§ EXERCISE DETAILS
Only the lines from the line containing "UNBILLION perche コットン×牛革付属トートバッグ L ブラック" to the end of the entries, both included, belong in your answer, and each must match exactly.

§ ENTRIES SUPPLIED
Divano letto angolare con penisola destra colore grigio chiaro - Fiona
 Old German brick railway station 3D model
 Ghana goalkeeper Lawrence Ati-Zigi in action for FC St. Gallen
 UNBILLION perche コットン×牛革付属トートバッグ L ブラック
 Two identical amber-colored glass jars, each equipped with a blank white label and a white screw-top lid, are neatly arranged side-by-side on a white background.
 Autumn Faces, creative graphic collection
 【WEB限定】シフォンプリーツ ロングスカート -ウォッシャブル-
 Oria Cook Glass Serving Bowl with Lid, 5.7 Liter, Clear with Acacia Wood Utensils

§ COMPLETED EXERCISE
 UNBILLION perche コットン×牛革付属トートバッグ L ブラック
 Two identical amber-colored glass jars, each equipped with a blank white label and a white screw-top lid, are neatly arranged side-by-side on a white background.
 Autumn Faces, creative graphic collection
 【WEB限定】シフォンプリーツ ロングスカート -ウォッシャブル-
 Oria Cook Glass Serving Bowl with Lid, 5.7 Liter, Clear with Acacia Wood Utensils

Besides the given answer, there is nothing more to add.